Almost all Enemy Ace stories are set during World War I, with Hans von Hammer in his prime, despairing what he does, but acting as an unbeatable fighter pilot through feelings of honour, representing the German fatherland. It’s a feeling that’s evaporated in horror at what the German state has become when he’s visited by an old colleague and asked to fly again in 1942. However, political realities and the call of the sky ensure he complies.

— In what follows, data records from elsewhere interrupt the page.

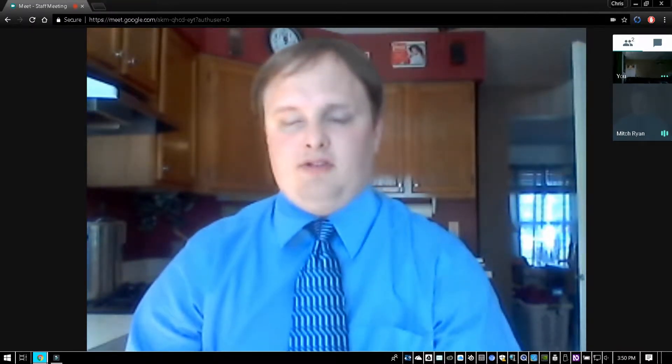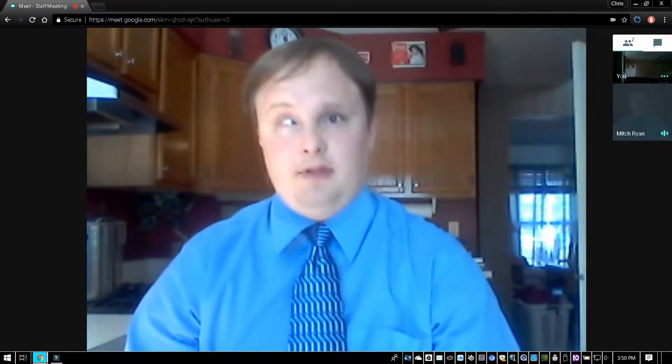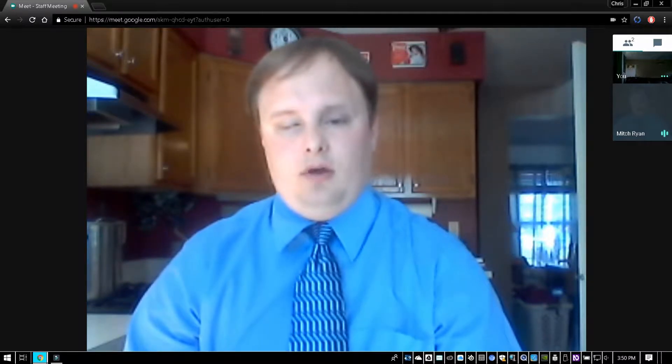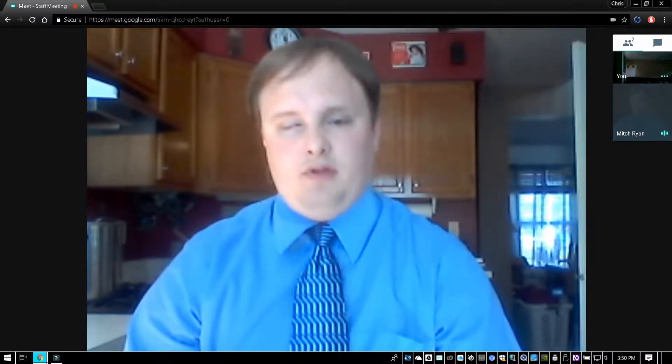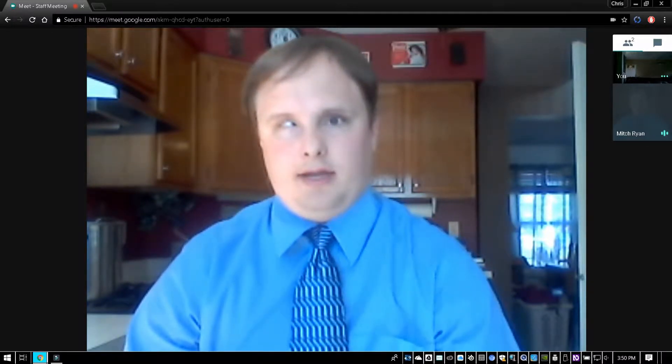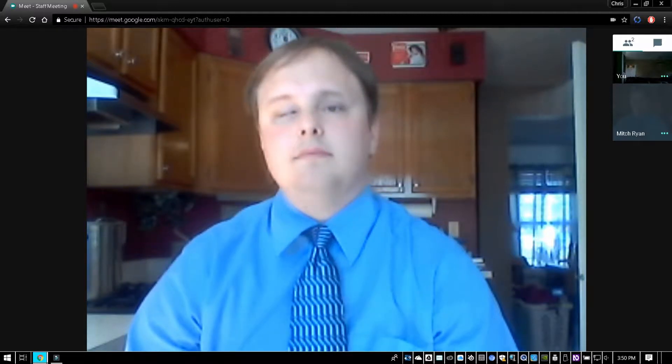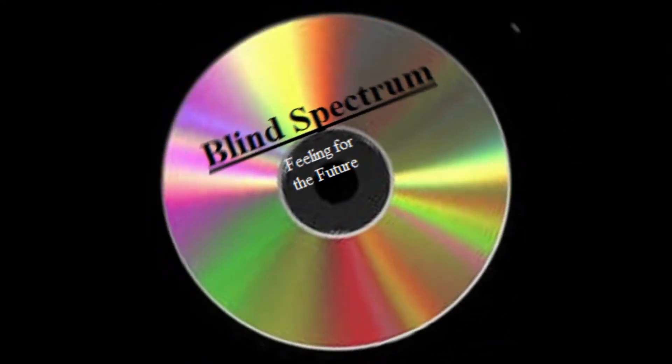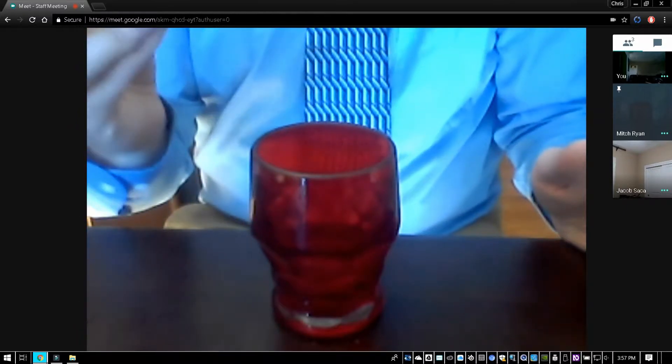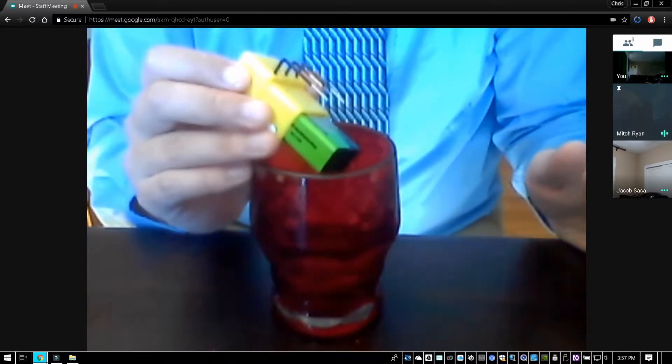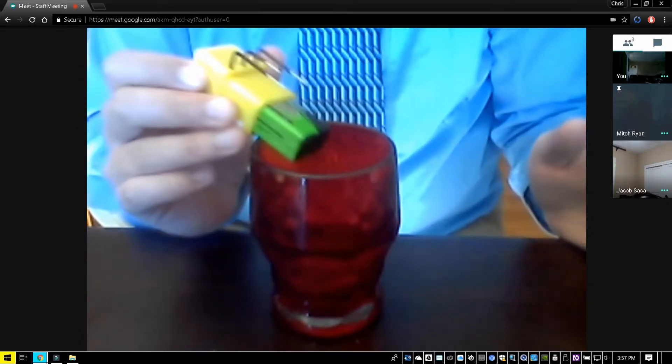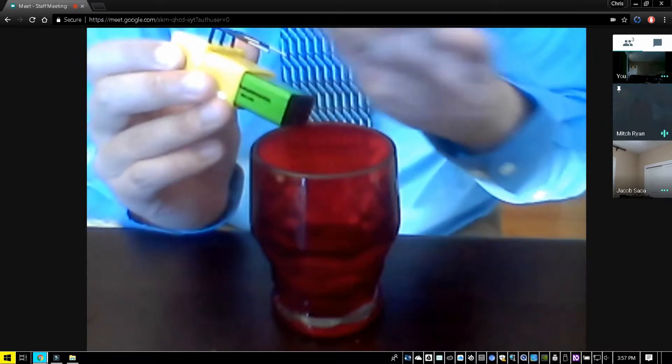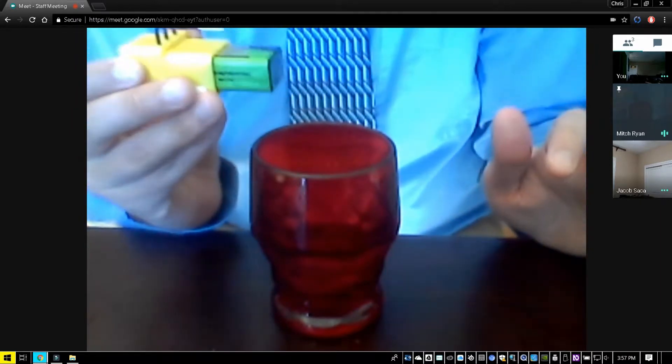Hello ladies and gentlemen, this is Mitchell Ryan with Blind Spectrum. In this video I'm going to be reviewing the liquid level indicator. This is the liquid level indicator - there are three prongs that you would place into the cup.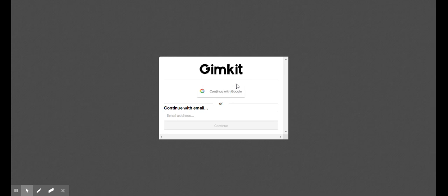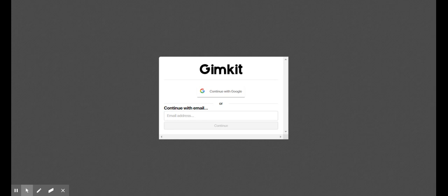And then you are going to click continue with Google because your student ID is linked to Google. Now if you sign in, it's probably there. If not, you can press use another account.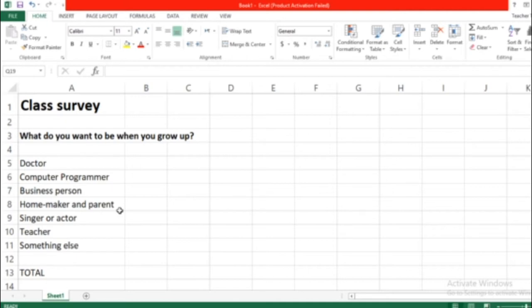And from our last lesson we know values means numbers in Excel. When I say a value it's a number, when I say a label it's a word. So adding up values, list of values, to get the calculation of the total.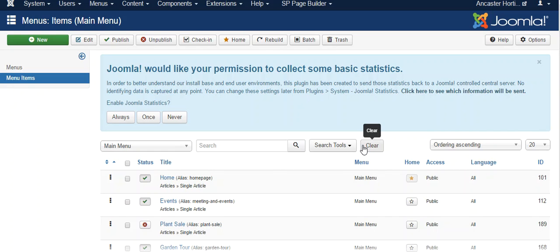We're going to show you how to use PageBuilder. Now, PageBuilder, you can do a page all on its own, so create a page from scratch. You can create a module that can be inserted into a page, or we're going to use it from an existing article.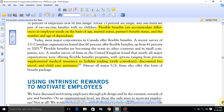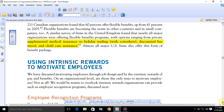Next topic is using intrinsic rewards to motivate employees. One factor is the pay package — aap apne employees ko salary se motivate kar sakte hain, unki pay mein increase la ke, ya unke liye variable pay programs decide karke unko motivate kar sakte hain.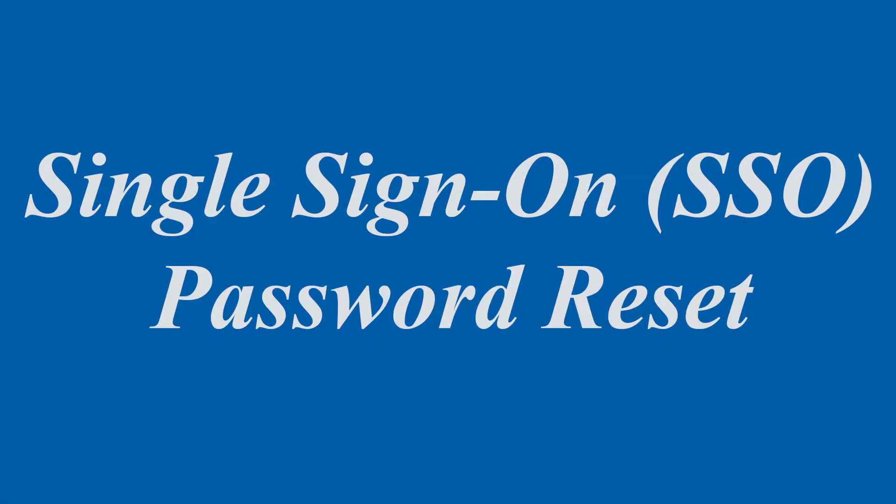Welcome to another Southeastern IT tutorial. Today I will show you how to reset your single sign-on password, commonly referred to as SSO password. If you don't know what SSO is, there's a link in the description below that will help.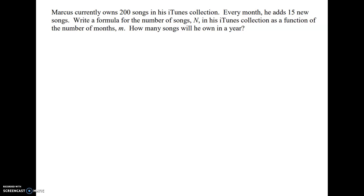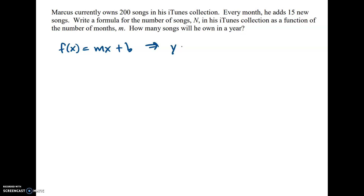Here we're going to look at our first example of a linear function. A linear function can be written like this: f equals mx plus b, which should look familiar because that is the same as saying y equals mx plus b, which you all know to be slope-intercept form — a very standard form for a linear equation.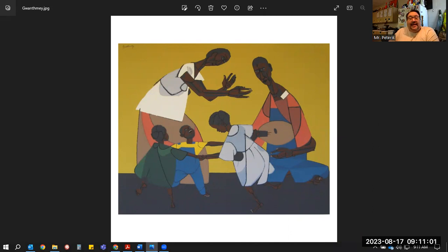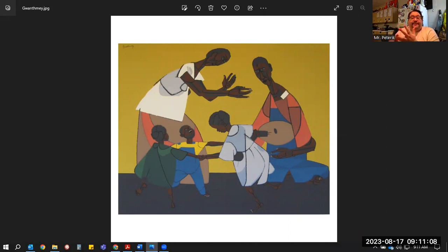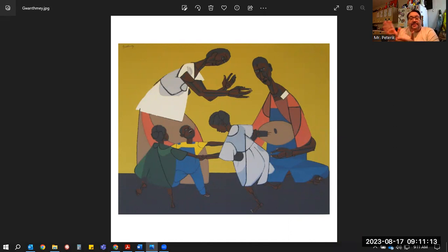We see them at a celebration. What I want you to do is illustrate the rest. Show the decorations, the food, the costumes, all the rest of the stuff that would go with the celebration in this painting. See you later.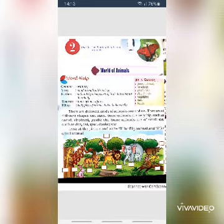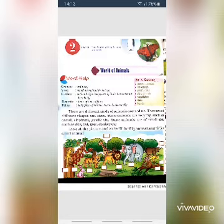Point out the pictures of big animals and write B for big, and S for small animals in the blanks.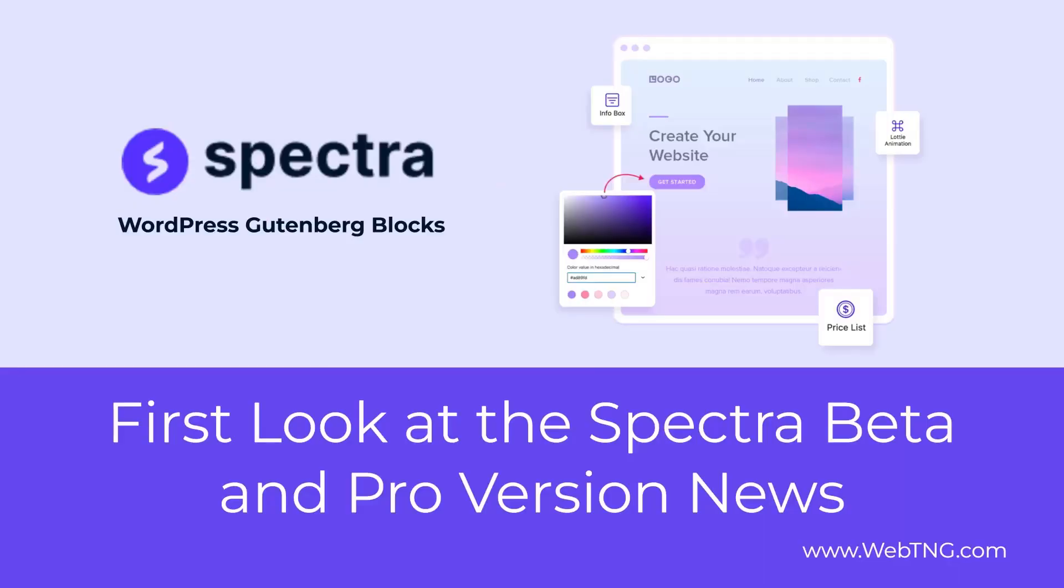There's a text version of the video available on the WebTNG website, along with other walkthroughs, reviews, and videos. Hope you found this news about Spectra interesting. Thank you for watching.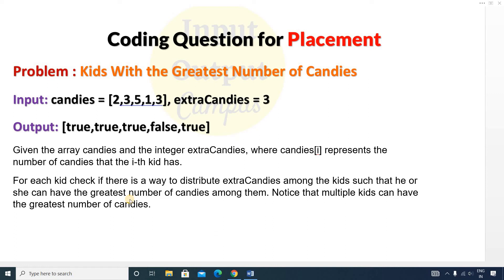Hello friends, welcome to Input Output Campus. Today in this video we'll discuss a coding question for placement, and the question is 'Kids with the Greatest Number of Candies.'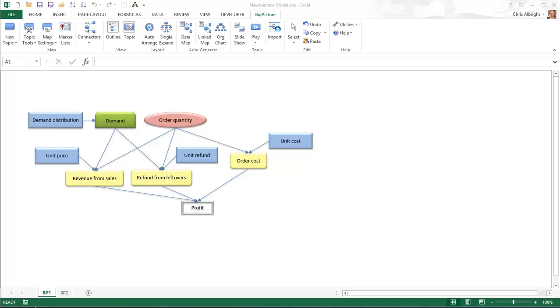Here is one possible completed map of the problem. Each topic has a concise label, and color coding and shapes specify the roles of the topics. A blue rectangle indicates a given input value. A green hexagonal shape indicates an uncertain quantity. A red oval indicates a decision variable. A yellow rounded rectangle indicates an intermediate output. And the gray bordered rectangle indicates the bottom line output to maximize.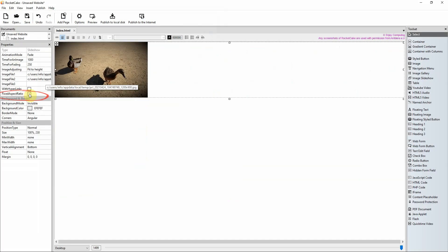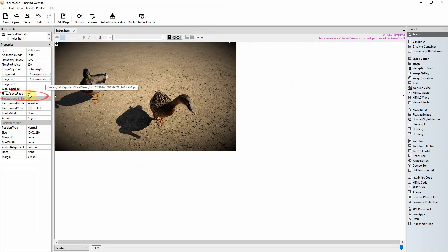In version 4 of RocketCake it will automatically set a fixed aspect ratio. This means the images you choose will have the height automatically sized based on the screen size.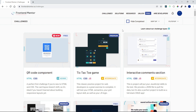Hello everyone, happy new year! Welcome back to the channel and welcome back to the first video of 2022. We're going to be beginning this year with a very simple challenge from Frontend Mentor, which is the QR code component.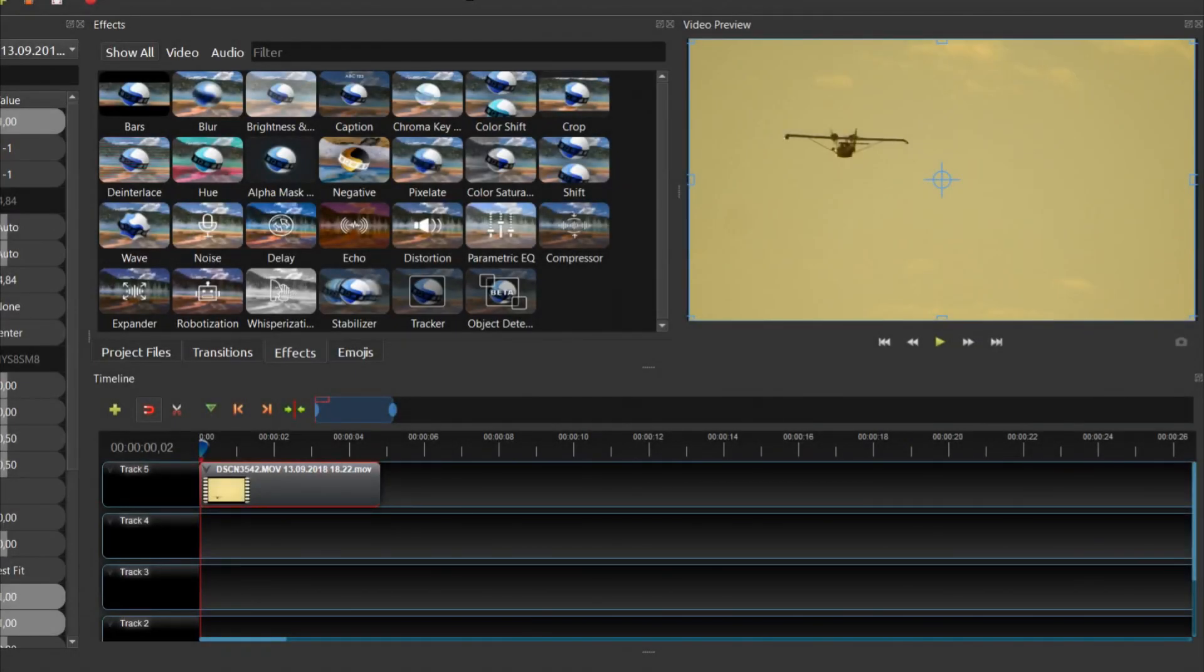Hello. In this video, I'm going to show you how you can use the motion tracking effect called Tracker in OpenShot by attaching an emoji to it.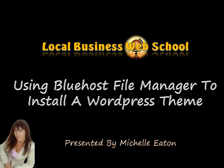Hello, Michelle Eaton here. In this video we're going to look at using the Bluehost File Manager to install a WordPress theme.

Garth Ennis’ characterisation of von Hammer is consistent with the self-reflective and sullen character of old, but sets his uncompromising attitude and distress at Nazi ideology against people who’re enraptured by it. If he harboured any doubts about how the horrors of war had escalated since 1918, a spell behind enemy lines during the winter siege of Leningrad is a brutal lesson. Von Hammer’s sense of duty to his country remains, but his curt dismissal of any master race infallibility earns him enmity in his own command. A small-minded subordinate doesn’t see a flying ace with incredible talent who’s single handedly kept an ill-equipped squadron’s kill rate artificially high, but a traitor with subversive views. However, if his spell in Leningrad was awful, three years later von Hammer has to bail out over an even more terrifying location.

A great shame of War in Heaven is the lack of artistic consistency. Working from breakdowns provided by Christian Alamy, Chris Weston revels in detail to an extraordinary level, the meticulous architecture on his sample page representative of his outlook throughout, while Russ Heath is far more impressionistic. They’re both very good at what they do, but their styles don’t mix, and the clash when Heath takes over at the halfway point is detrimental.

Ennis sets a wistful mood from the start, and this is an early example of a story he writes extremely well, in which comradeship and honour is sustained in desperate circumstances. In his later War Stories and Battlefields he’d refine the formula for more succinct plots and with less obvious outrage about them, but War in Heaven isn’t just a prototype, presenting a fine sense of loss and nobility. It’s a slim story, though, and perhaps to justify the price of a graphic novel DC also include a reprint of von Hammer in his 1960s prime by Robert Kanigher and Joe Kubert. It combines a look back to von Hammer’s youth, his father instilling in him that the concept of honour outweighs victory or fortune, with a battle against his greatest foe, the Hangman.